Będzie interwencyjna sprzedaż pszenicy

Będzie interwencyjna sprzedaż pszenicy
Na rynku zbóż w ostatnim tygodniu panował całkowity zastój. Zgłaszano oferty zakupu pszenicy, jęczmienia, kukurydzy, otrąb, ale do transakcji dochodziło sporadycznie. Ceny zbóż są za wysokie, aby uzupełniać zapasy, a żniwa blisko. W środę na IGT zgłoszono do sprzedaży 270 t żyta po cenie wywoławczej 515 i 535 zł t i sprzedano tylko 50 t po 515 zł. Jęczmień po 620 zł nie znalazł nabywców. Poza kukurydzą, której brakuje, wszystkich zbóż jest pod dostatkiem. Za kilka dni okaże się, czy interwencja w postaci sprzedaży 300 tys. ton pszenicy z polskich zapasów, na co jest już unijna zgoda, spowoduje spadek cen. Nie ma obaw, że ziarno wykupią zachodni handlowcy, bo unijna pszenica jest tańsza od polskiej. Ceny powinny spadać, bo żniwa, zarówno u nas, jak i w UE, zapowiadają się dobrze. Kto nie sprzeda zboża teraz, po żniwach otrzyma jeszcze mniej. To sprzyja obniżaniu cen. Obecnie na rynku panuje zastój, gdyż najwięksi nabywcy - przetwórnie z kapitałem zagranicznym i duże polskie młyny - nie kupowały ziarna. Ten spokój prawdopodobnie przedłuży się do żniw, kiedy firmy zaczną uzupełniać zapasy.

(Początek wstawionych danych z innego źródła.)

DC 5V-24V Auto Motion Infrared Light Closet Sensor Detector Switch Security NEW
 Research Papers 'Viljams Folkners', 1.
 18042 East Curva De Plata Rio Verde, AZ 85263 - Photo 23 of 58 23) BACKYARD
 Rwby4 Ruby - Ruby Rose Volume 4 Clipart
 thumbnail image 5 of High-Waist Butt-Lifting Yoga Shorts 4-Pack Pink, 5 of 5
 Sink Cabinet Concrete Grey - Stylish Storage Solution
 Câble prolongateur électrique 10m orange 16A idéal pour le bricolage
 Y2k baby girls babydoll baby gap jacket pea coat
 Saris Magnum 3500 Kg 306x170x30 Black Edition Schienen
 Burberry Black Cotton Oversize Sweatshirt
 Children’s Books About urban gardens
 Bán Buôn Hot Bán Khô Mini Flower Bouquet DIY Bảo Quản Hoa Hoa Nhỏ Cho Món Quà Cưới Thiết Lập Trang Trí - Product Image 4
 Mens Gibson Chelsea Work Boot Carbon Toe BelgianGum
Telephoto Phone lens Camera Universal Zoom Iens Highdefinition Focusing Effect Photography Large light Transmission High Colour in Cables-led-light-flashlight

Spadków cen możemy spodziewać się na zielonym rynku, ale w tym tygodniu były one mniejsze, niż oczekiwano. O 20 groszy staniały w tym tygodniu młode ziemniaki, o 10 gr rzodkiewka, o 20 gr kapusta biała. Ale truskawki na niektórych rynkach były w piątek droższe niż w środę. Zdrożały też jabłka na eksport. Zimny maj zaszkodził warzywom, których może być mniej. Ceny nowalijek i wczesnych owoców utrzymują się na wyższym poziomie niż rok temu.